In December 2005, a four-judge panel from the state appellate division unanimously reversed a trial judge’s order allowing Parker & Waichman’s suit to go forward. The appeals judges said the Parker firm was improperly trying to use the fee dispute to reopen the roughly 5,600 Fen-Phen cases settled by Napoli Bern for a reported total of $1 billion.
“The real attack is to the underlying settlement, and, more particularly, whether defendants engaged in any fraudulent conduct,” the judges wrote last year. They also noted that a legal ethics professor and a special master oversaw the deal.
However, last month, in response to a request by the Parker firm, the appellate panel “recalled and vacated” its earlier decision. In the new ruling, the court echoed some of its earlier language about an “improper collateral at tack” on the settlement, but concluded that the Parker firm was entitled to pursue its claims that Napoli Bern mishandled cases, refused to split fees as promised, and caused some clients to seek new counsel, effectively cutting the Parker firm out. The judicial panel, which included three of the four judges who ruled on the case last year, said the Parker firm might even be entitled to details on Napoli Bern’s handling of its own cases and those brought in by other firms.
A professor at Albany Law School, Michael Hutter Jr., said the court’s move to reopen and revise its earlier decision was exceptional. “It really is unusual,” the professor told The New York Sun. “I would think a re-argument happens once every ten years. That may even be overstating it.”
Mr. Hutter said the judges deserved kudos for correcting their work. “It’s good of the court to recognize we made mistake, instead of burying it,” he said.
An attorney for Napoli Bern,Christopher Hitchcock, said the court’s revision was inconsequential. “It was a very slight modification of the earlier decision,” Mr. Hitchcock said in an interview. “The claims for fraud are all still dismissed. What remains are a handful of claimed accounting issues.”
A founding partner of Parker & Waichman, Jerrold Parker, who in 2004 predicted to the Sun that Mr. Napoli’s firm would “get fried” in the litigation, did not return a call seeking comment for this article.
The dispute also shines a light on a practice in which tort law firms known as “advertisers”gather up “inventories” of hundreds or thousands of clients and then shuffle them to other firms, known as “warehousers,” which combine the cases to negotiate a settlement.

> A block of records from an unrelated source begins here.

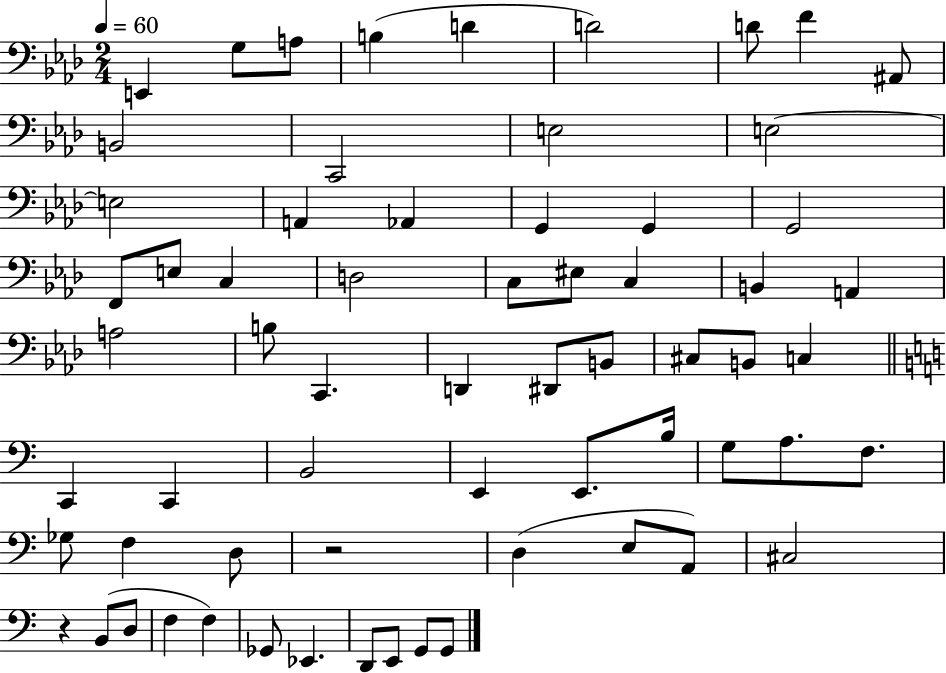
{
  \clef bass
  \numericTimeSignature
  \time 2/4
  \key aes \major
  \tempo 4 = 60
  e,4 g8 a8 | b4( d'4 | d'2) | d'8 f'4 ais,8 | \break b,2 | c,2 | e2 | e2~~ | \break e2 | a,4 aes,4 | g,4 g,4 | g,2 | \break f,8 e8 c4 | d2 | c8 eis8 c4 | b,4 a,4 | \break a2 | b8 c,4. | d,4 dis,8 b,8 | cis8 b,8 c4 | \break \bar "||" \break \key a \minor c,4 c,4 | b,2 | e,4 e,8. b16 | g8 a8. f8. | \break ges8 f4 d8 | r2 | d4( e8 a,8) | cis2 | \break r4 b,8( d8 | f4 f4) | ges,8 ees,4. | d,8 e,8 g,8 g,8 | \break \bar "|."
}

A partner at Napoli Bern, Paul Napoli, complained to the Sun in 2004 that the Parker firm wanted fees on cases for which the firm had done no work, beyond placing an advertisement for clients. Asked why his firm agreed to pay up to 50% of the usual attorneys’ fees to a firm doing no work, Mr. Napoli said he had been tricked.

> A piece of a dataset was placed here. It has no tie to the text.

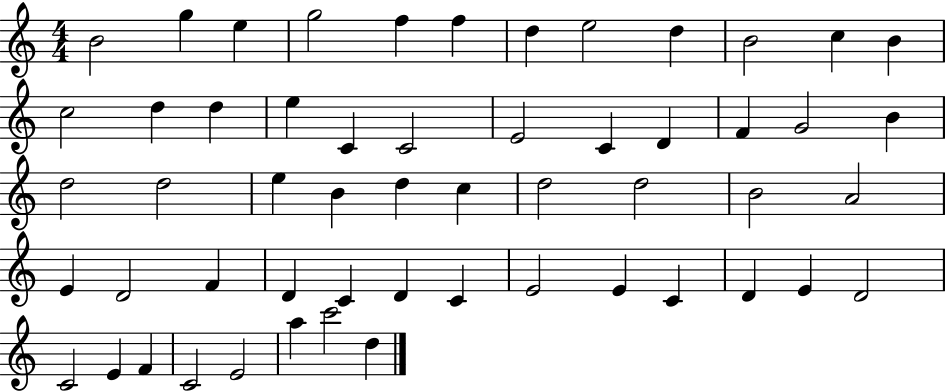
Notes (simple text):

B4/h G5/q E5/q G5/h F5/q F5/q D5/q E5/h D5/q B4/h C5/q B4/q C5/h D5/q D5/q E5/q C4/q C4/h E4/h C4/q D4/q F4/q G4/h B4/q D5/h D5/h E5/q B4/q D5/q C5/q D5/h D5/h B4/h A4/h E4/q D4/h F4/q D4/q C4/q D4/q C4/q E4/h E4/q C4/q D4/q E4/q D4/h C4/h E4/q F4/q C4/h E4/h A5/q C6/h D5/q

Given typical contingency arrangements, Mr. Napoli’s firm is likely to have received between $160 million and $330 million in connection with the settled diet drug cases. The Parker firm claims it got only $5.3 million for its cases.
While a billion-dollar settlement for a single law firm may seem large, it could be argued that the company, Wyeth, got a good deal. In 2004, a Texas jury returned a $1 billion verdict on behalf of an individual former fen-phen user who developed a fatal lung condition.The company is appealing.

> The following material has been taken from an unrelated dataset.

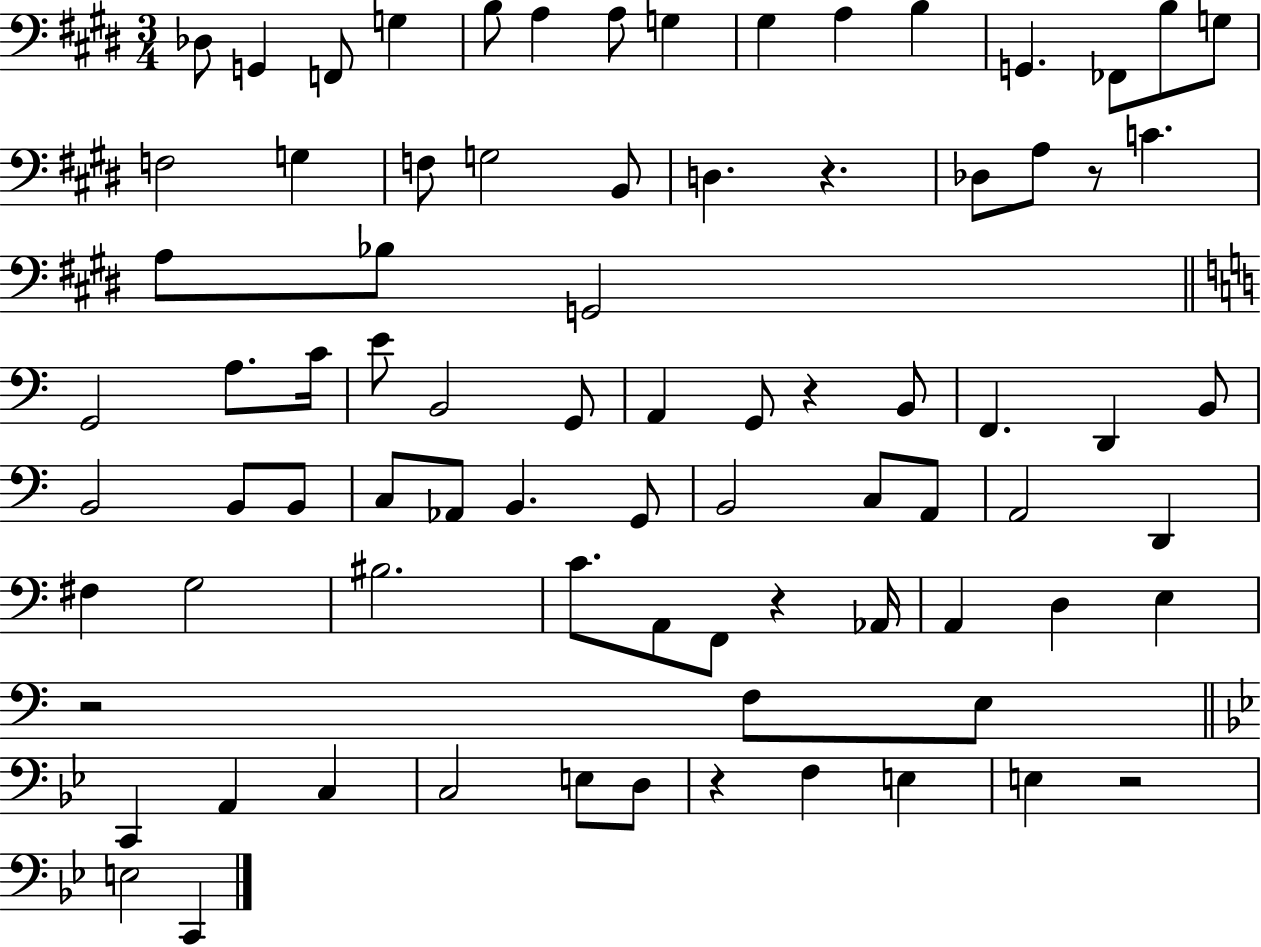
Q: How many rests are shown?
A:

Last year, a federal judge in Manhattan, Laura Swain, dismissed a class action lawsuit brought against the Napoli firm on behalf of the firm’s roughly 5,600 Fen-Phen clients. Judge Swain said arbitration clauses in retainer agreements signed by the clients were enforceable and foreclosed the federal suit.
A former associate at Napoli Bern also instituted a class action suit against Parker & Waichman, alleging that it cheated its clients by collecting referral fees when it had done to work.
In 2002, a federal judge in Philadelphia, Harvey Bartle, ordered a halt to payments in thousands of fen-phen cases after evidence emerged that doctors, including one that prepared hundreds of reports for the Napoli firm, used improper criteria in assessing heart damage. Napoli Bern denied the charge and accused Wyeth of trying to back out of the settlement.
More than two dozen people, including a Mississippi attorney, have been charged criminally in a federal investigation of fraud stemming from the fenphen litigation.